◆ **Required action**
Please restate word for word the lines of the entries below from the one with "Deepti raut - @user5593409311924 - TikTok" to the one with "T.LOVE (Warszawa) 2022-11-19", inclusive, and leave out every picture.

◆ **Data shown**
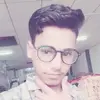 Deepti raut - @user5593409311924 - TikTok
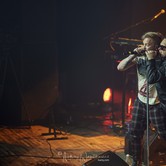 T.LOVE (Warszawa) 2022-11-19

* * *

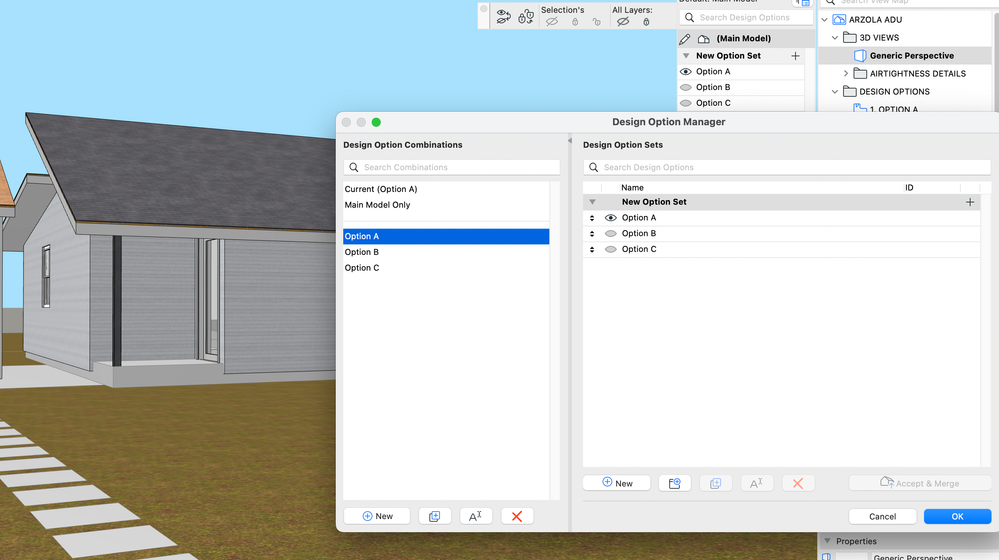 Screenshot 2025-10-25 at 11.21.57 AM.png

◆ **Task response**
 Deepti raut - @user5593409311924 - TikTok
 T.LOVE (Warszawa) 2022-11-19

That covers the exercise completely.